Dalam riwayat lain disebutkan, Zainab Ats-Tsaqafiyyah radhiyallahu ‘anha berkata:

كُنْتُ فِي الْمَسْجِدِ فَرَأَيْتُ‏‎ ‎النَّبِيَّ صلى الله عليه وسلم،‏‎ ‎فَقَالَ: تَصَدَّقْنَ وَلَوْ مِنْ‏‎ ‎حُلِيِّكُنَّ. وَكَانتْ زَيْنَبُ‏‎ ‎تُنْفِقُ عَلَى عَبْدِ اللهِ‏‎ ‎وَأَيْتَامٍ فِي حِجْرِهَا.‏‎ ‎فَقَالَتْ لِعَبْدِ اللهِ: سَلْ‏‎ ‎رَسُوْلَ اللهِ صلى الله عليه وسلم،‏‎ ‎أَيَجْزِي عَنِّي أَنْ أُنْفِقَ‏‎ ‎عَلَيْكَ وَعَلَى أَيْتَامِي فِي‎ ‎حِجْرِيْ مِنَ الصَّدَقَةِ؟‎ ‎فَقَالَ: سَلِي أَنْتِ رَسُوْلَ‏‎ ‎اللهِ صلى الله عليه وسلم.‏‎ ‎فَانْطَلَقْتُ إِلَى النَّبِيِّ‏‎ ‎صلى الله عليه وسلم فَوَجَدْتُ‏‎ ‎امْرَأَةً مِنَ الْأَنْصَارِ عَلَى‎ ‎الْبَابِ، حَاجَتُهَا مِثْلُ‏‎ ‎حَاجَتِيْ. فَمَرَّ عَلَيْنَا‎ ‎بِلاَلٌ، فَقُلْنَا: سَلِ‏‎ ‎النَّبِيَّ صلى الله عليه وسلم‎ ‎أَيَجْزِي عَنِّي أَنْ أُنْفِقَ‏‎ ‎عَلَى زَوْجِي وَأَيْتاَمٍ لِي فِي‎ ‎حِجْرِي. وَقُلْنَا: لاَ تُخْبِرْ‏‎ ‎بِنَا. فَدَخَلَ فَسَأَلَهُ،‏‎ ‎فَقَالَ: مَنْ هُمَا؟ قَالَ:‏‎ ‎زَيْنَبُ. قَالَ: أَيُّ‏‎ ‎الزَّياَنِبِ؟ قَالَ: امْرَأَةُ‏‎ ‎عَبْدِ اللهِ. قَالَ: نَعَمْ،‏‎ ‎وَلَهَا أَجْرُ الْقَرَابَةِ‏‎ ‎وَأَجْرُ الصَّدَقَةِ

“Aku pernah berada dalam masjid, ketika itu aku melihat Nabi Shallallahu ‘alaihi wa sallam bersabda, ‘Bersedekahlah kalian (para wanita) walaupun dengan perhiasan kalian.’ Sementara Zainab biasa memberikan infak kepada Abdullah dan anak-anak yatim yang berada dalam pengasuhannya.

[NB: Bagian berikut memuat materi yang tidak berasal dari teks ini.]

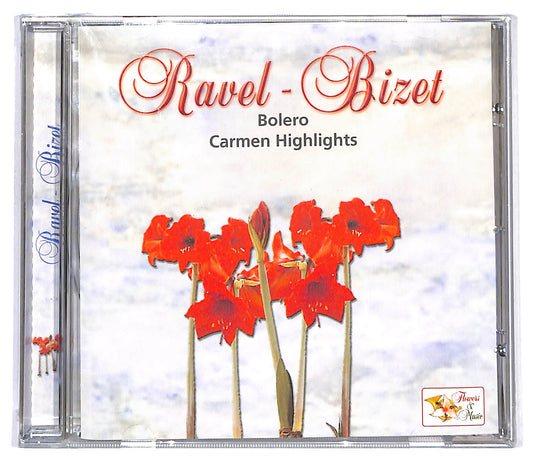 EBOND Ravel - Bizet - Bolero - Carmen Highlights CD CD125357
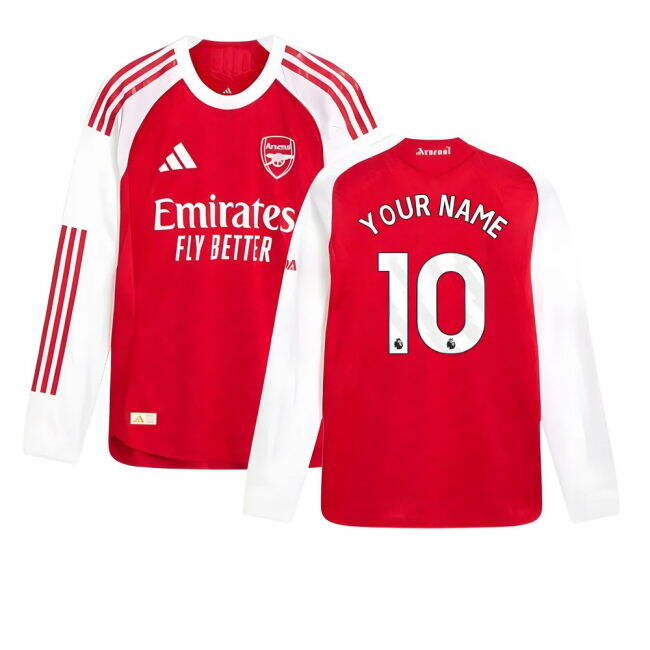 Official Licensed Die-hard Arsenal Latest Edition Football Shirt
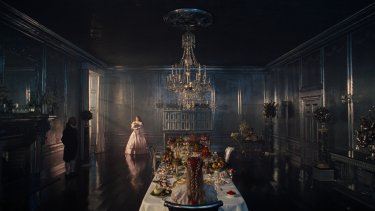 Фото 3 — "Буремний перевал": сучасне переосмислення однієї з найвідоміших історій кохання в історії літератури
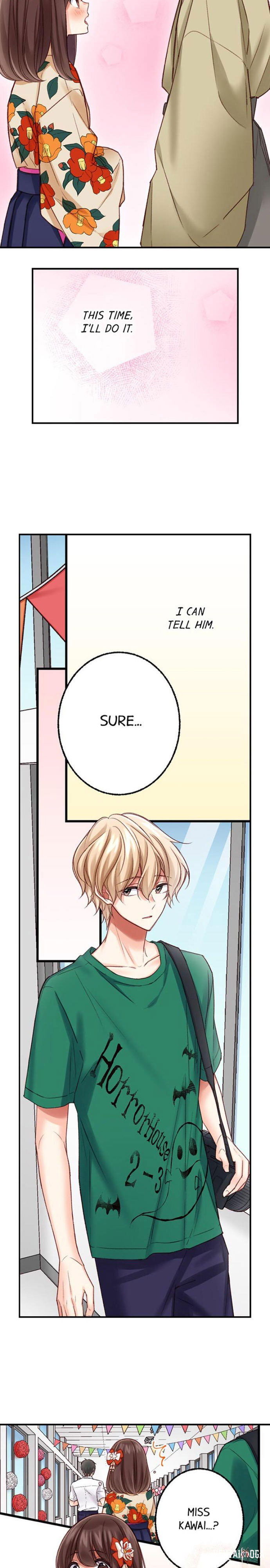 They Definitely Had Sex They Definitely Had Sex Chapter 50 - Page 10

Zainab berkata kepada Abdullah, ‘Tanyakan kepada Rasulullah Shallallahu ‘alaihi wa sallam, apakah boleh bagiku memberikan infak kepadamu dan kepada anak-anak yatim yang dalam asuhanku?’ Abdullah berkata, ‘Kamu saja yang bertanya kepada Rasulullah.’ Aku pun pergi ke tempat Nabi Shallallahu ‘alaihi wa sallam. Di depan pintu aku menjumpai seorang wanita dari kalangan Anshar, keperluannya (permasalahannya) sama dengan keperluanku. Ketika itu Bilal melewati kami, maka kami pun memanggilnya dan meminta kepadanya, ‘Tanyakan kepada Nabi Shallallahu ‘alaihi wa sallam, apakah boleh bagiku memberikan infak kepada suamiku dan kepada anak-anak yatimku yang dalam asuhanku?’ Kami juga berpesan, ‘Jangan engkau beritahu kepada Nabi siapa kami berdua.’ Bilal pun masuk ke tempat Nabi dan bertanya kepada beliau. Setelahnya Rasulullah Shallallahu ‘alaihi wa sallam bertanya, ‘Siapa dua wanita yang bertanya itu?’ Bilal menjawab, ‘Zainab.’ ‘Zainab yang mana?’ tanya Rasulullah Shallallahu ‘alaihi wa sallam. Bilal menjawab, ‘Istri Abdullah.’ ‘Iya, boleh dan ia akan mendapatkan pahala karena menyambung hubungan kekerabatan dan pahala sedekah’.” (HR. Al-Bukhari no. 1466 dan Muslim no. 2315)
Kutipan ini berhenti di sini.